Par ailleurs, ce n’est pas un « Occident mou » et dans le déni qui pourra aider Israéliens et Palestiniens à trouver une solution de paix fondée sur le droit, la dignité et le respect mutuel.
Voilà pourquoi il ne faut pas se tromper de combat, même si nous nous désespérerons tous de voir tant de civils victimes des guerres, des systèmes totalitaires et des folies humaines. Cessons de tout confondre et soyons lucides. Car de Jérusalem en passant par Paris, Athènes, Rome, Madrid, Berlin, Londres, New York et Los Angeles, tout est lié par l’Histoire, le sang, des valeurs et des idéaux communs. Nous sommes nés dans le même « monde » et les ennemis d’Israël sont les mêmes que ceux qui, chez nous, se servent de l’état de droit pour prospérer, nous circonvenir et nous faire du mal.
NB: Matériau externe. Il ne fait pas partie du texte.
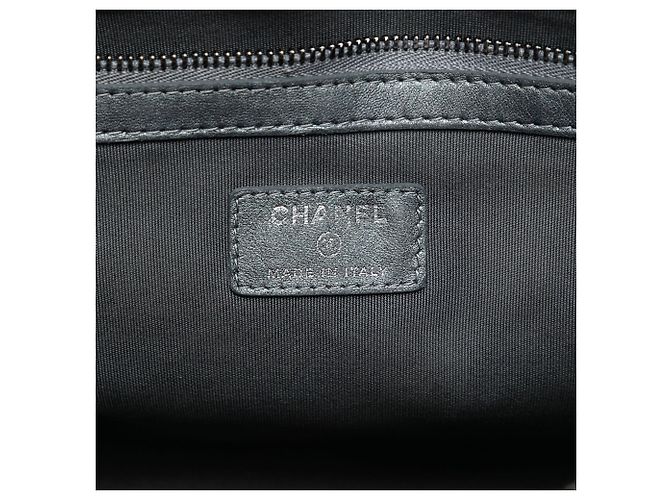 Clutch Chanel Large Quilted Metallic Lambskin O Case Argentata Argento - vista 5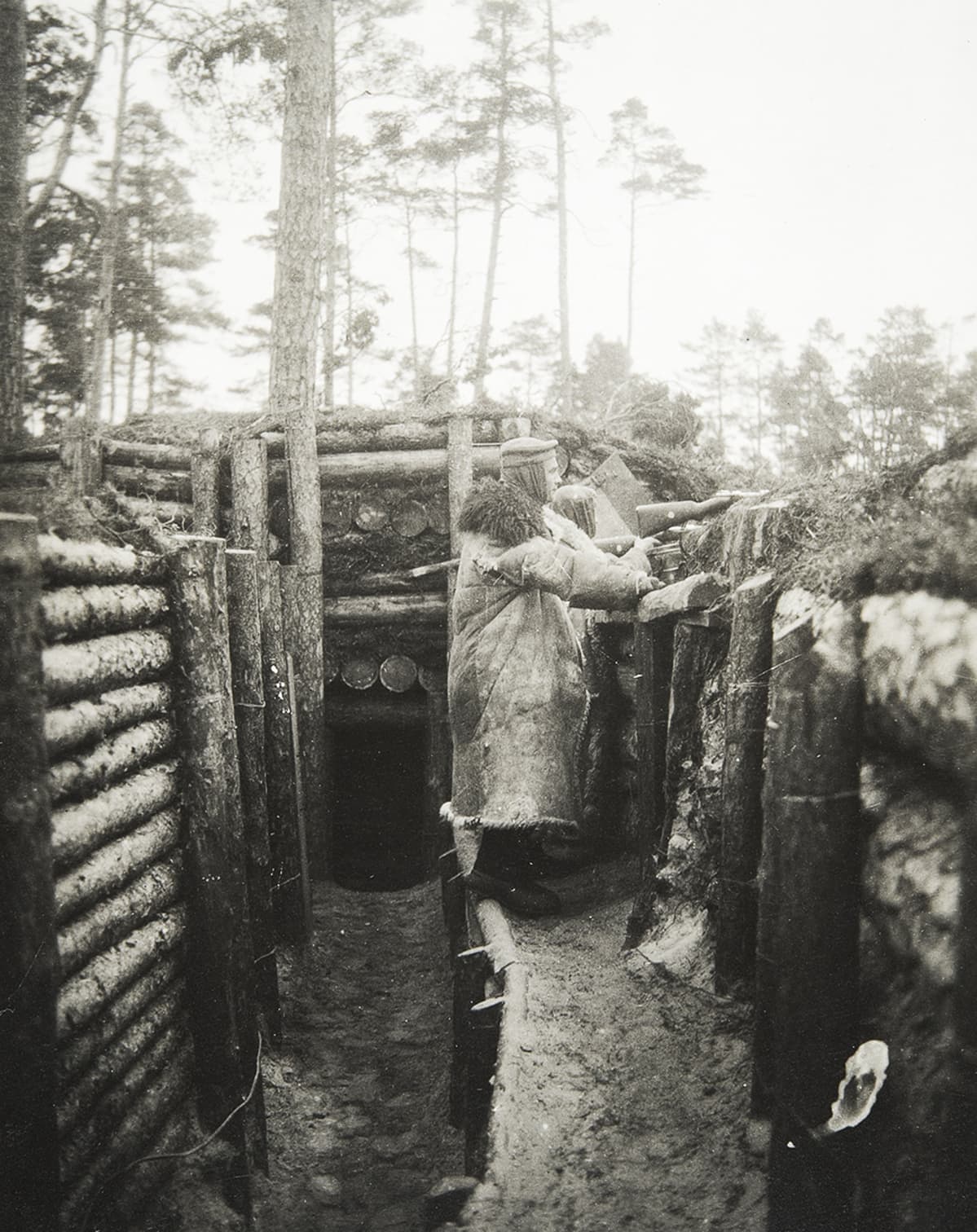 Jääkäripataljoona 27:n jääkärit vartiossa itärintamalla.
S’il était besoin de s’en convaincre, rappelons qu’en France aussi on assassine des enfants et des innocents (école Ozar Hatorah à Toulouse, Charlie, Bataclan, Nice, etc.), on coupe la tête de nos enseignants ou on égorge des religieux en scandant « Allah Akbar » (à la fois parole de prière et cri de guerre). La barbarie n’a pas de frontières. Nous pourrions aussi mentionner les multiples alertes à la bombe de ces dernières semaines. Voilà pourquoi notre soutien à Israël et aux Juifs doit être « inconditionnel ». Les Américains l’ont bien compris. Certains pays d’Europe aussi. Cette guerre, qui doit respecter le droit de la guerre, est aussi la leur, et la nôtre.
Certes, des responsables politiques israéliens devront rendre compte le moment venu. Certes, il faudra enfin trouver une issue à ce trop long conflit et imaginer un avenir politique qui permette à ceux qui s’affrontent depuis trop longtemps sur ce territoire d’y vivre en paix et en sécurité. Mais avant toute amorce d’un processus politique, Israël devra gagner sa « guerre » contre le Hamas. Si Israël devait, in fine, perdre cette guerre et un jour devoir quitter cette « Terre sainte », grande serait la victoire de ses ennemis, qui sont aussi les nôtres. Pour éviter qu’un jour si funeste n’arrive, nous devons choisir notre camp et le défendre, dans le respect de nos valeurs et de nos idéaux et le faire avec tous ceux qui les partagent, et sans jamais oublier un point essentiel : que nous soyons pro-Israël ou propalestiniens, pour nos ennemis, nous resterons des Occidentaux.